■ Work order: Return the data below unaltered, but strip out the pictures.

■ Collected material:
################

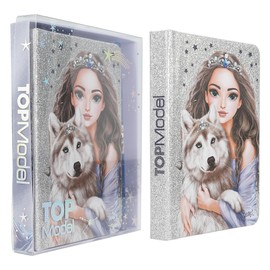Depesche TOPModel 13176 Glitter Silver and Blue Notebook with Wolf Motif, Stars and 160 Pages, Includes Pencil, Multicoloured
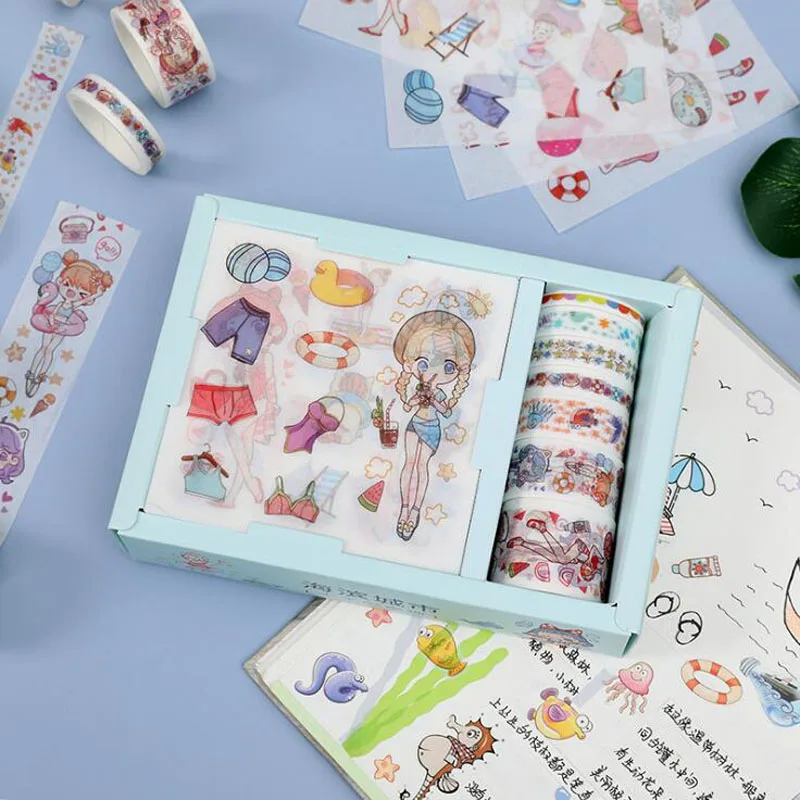

9 Stickers + 7 Rolls Of Tape Stickers Set Combination Decorative Washi Scrapbooking Stick Label Diary Office School Supplies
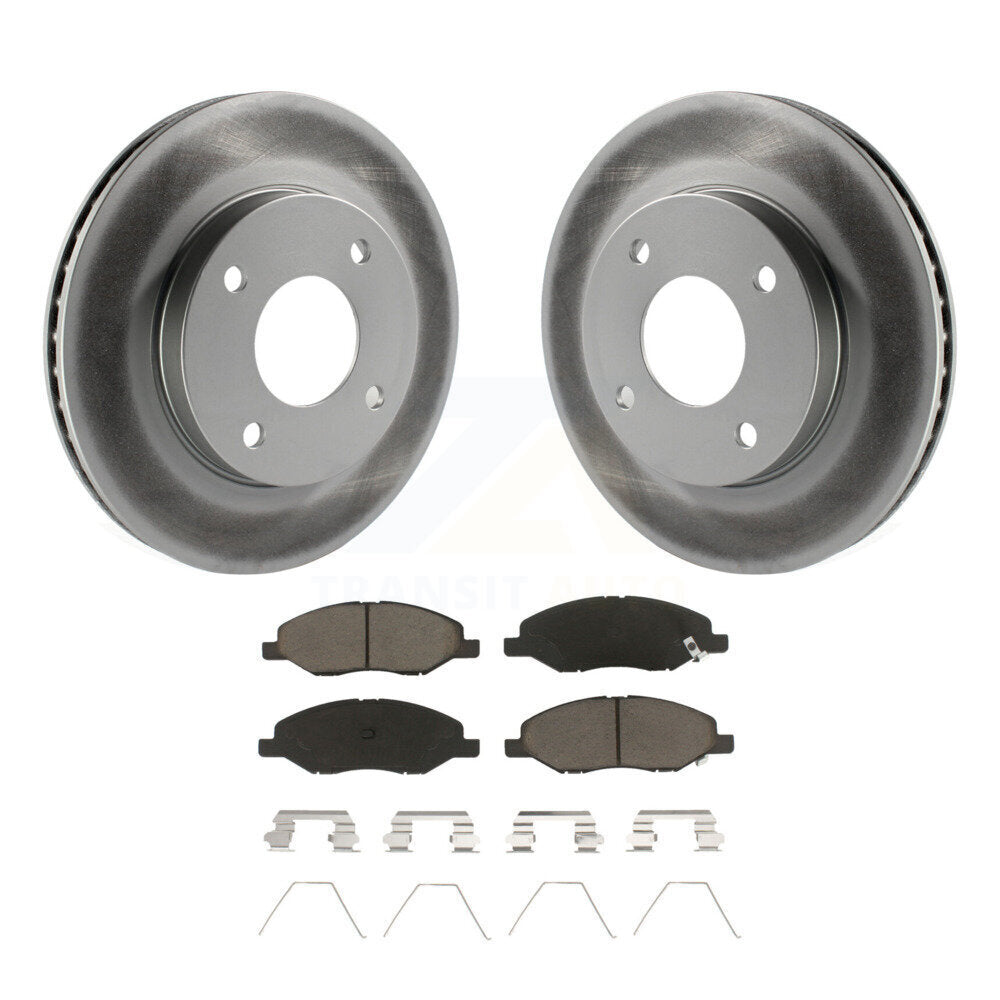 Front Coated Disc Brake Rotors & Ceramic Pad Kit For 2009-2011 Nissan Versa 1.6L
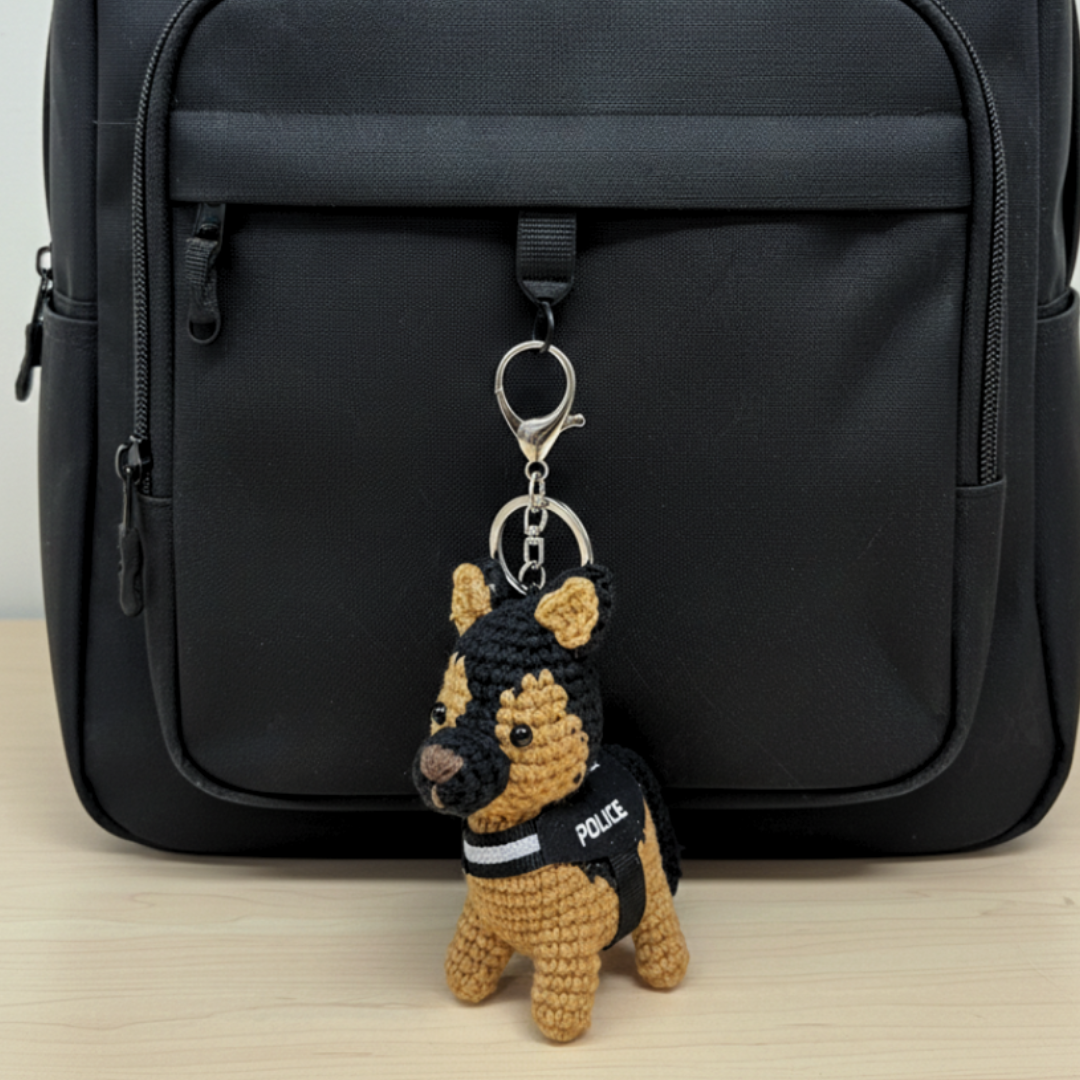 K-9 Belgian Malinois Crochet Keychain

################

■ Exercise response:
Depesche TOPModel 13176 Glitter Silver and Blue Notebook with Wolf Motif, Stars and 160 Pages, Includes Pencil, Multicoloured

9 Stickers + 7 Rolls Of Tape Stickers Set Combination Decorative Washi Scrapbooking Stick Label Diary Office School Supplies
 Front Coated Disc Brake Rotors & Ceramic Pad Kit For 2009-2011 Nissan Versa 1.6L
 K-9 Belgian Malinois Crochet Keychain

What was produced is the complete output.